Research Technician Michael Douglass and Postdoctoral Researcher Nan Li conducting deep soil coring for quantifying soil organic carbon stocks on a farm in Piatt County, Ill. Credit: Dan Schaefer
There is much more carbon stored in Earth’s soil than in its atmosphere. A significant portion of this soil carbon is in organic form (carbon bound to carbon), called soil organic carbon (SOC). Notably, unlike the inorganic carbon in soils, the amount of SOC, and how quickly it is built up or lost, can be influenced by humans. Since its advent about 10,000 years ago, agriculture has caused a significant amount of SOC to be released into the atmosphere as carbon dioxide, contributing to climate change.
Quantifying the amount of SOC in agricultural fields is therefore essential for monitoring the carbon cycle and developing sustainable management practices that minimize carbon emissions and sequester carbon from the atmosphere to the soil to reduce or reverse the climate effects of agriculture.
“Accurate and efficient SOC estimation is essential,” said Eric Potash, a Research Scientist in the Agroecosystem Sustainability Center (ASC) and Department of Natural Resource & Environmental Sciences (NRES) at the University of Illinois Urbana-Champaign. “Governments need to estimate SOC in order to implement policies to minimize climate change. Researchers need to estimate SOC to develop sustainable management practices. And farmers need to estimate SOC to participate in emerging carbon credit markets.”
The traditional and most reliable way to quantify SOC is by soil sampling, with analyses in the lab (“wet chemical” measurement). But which locations in the field should be sampled? And how many samples should be taken for an accurate estimate? Each additional soil core adds significant labor and expense — and uncertainties in how to optimize sampling can lead to substantial extra costs.
In a new publication from the U.S. Department of Energy’s (DOE) SMARTFARM Project, Potash and other SMARTFARM researchers evaluated strategies for estimating SOC. Their goal was to develop an estimation strategy that maximizes accuracy while minimizing the number of soil cores sampled.
The SMARTFARM Project, a program led by co-author and Blue Waters Professor in NRES Kaiyu Guan and funded by the DOE’s Advanced Research Projects Agency-Energy (ARPA-E), endeavors to develop a precise solution for measuring and quantifying greenhouse gas emissions and SOC change during the production of crops.
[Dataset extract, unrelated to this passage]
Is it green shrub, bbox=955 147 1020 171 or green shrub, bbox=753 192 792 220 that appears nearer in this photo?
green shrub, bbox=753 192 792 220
Research technician Michael Douglass operates a hydraulic probe for sampling soils for soil organic carbon stock assessment. Credit: Andrew Margenot
“We aim to collect gold-standard ground truth data and also to develop new technology to quantify field-level carbon outcomes for bioenergy crops, improving yield and also improving environmental sustainability,” said Guan, ASC Founding Director.
This work is made possible with unprecedented data collection effort.
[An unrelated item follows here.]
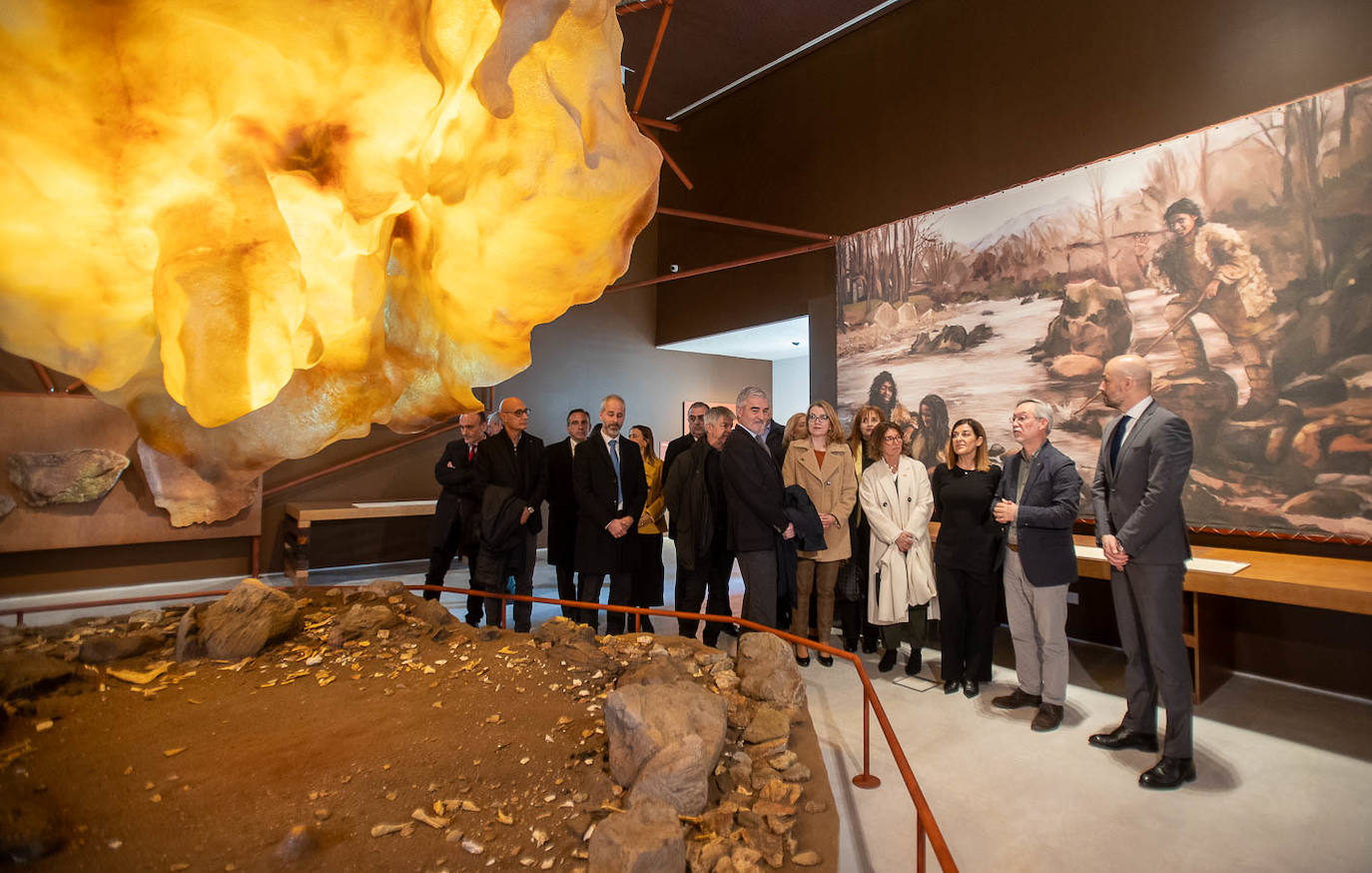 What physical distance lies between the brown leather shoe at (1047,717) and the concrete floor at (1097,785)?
6 cm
“We have collected 225 soil samples at 3 samples per acre at one of the SMARTFARM sites. The samples were collected up to 1 meter deep using a Giddings probe. This level of dense sampling has never been done before,” said co-author DoKyoung Lee, a Professor of Crop Sciences, a co-PI of the SMARTFARM project, and also an ASC founding faculty member.
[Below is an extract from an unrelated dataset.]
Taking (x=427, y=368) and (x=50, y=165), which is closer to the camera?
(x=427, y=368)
In this work, the researchers approached the problem by evaluating the two steps involved in estimating SOC: (1) deciding where in a field to take soil samples; and (2) deciding on a statistical rule for calculating an estimate (called an estimator). By using a commercial field in central Illinois that had been intensively sampled to measure SOC, a variety of strategies could be evaluated for their performance in estimating SOC in the field.
The researchers found that in a typical Midwestern agricultural field, they can leverage publicly available soil surveys and satellite imagery to efficiently select sample locations. This should reduce the number of samples needed to achieve a given accuracy of SOC quantification by about 28% compared to selecting sampling locations at random.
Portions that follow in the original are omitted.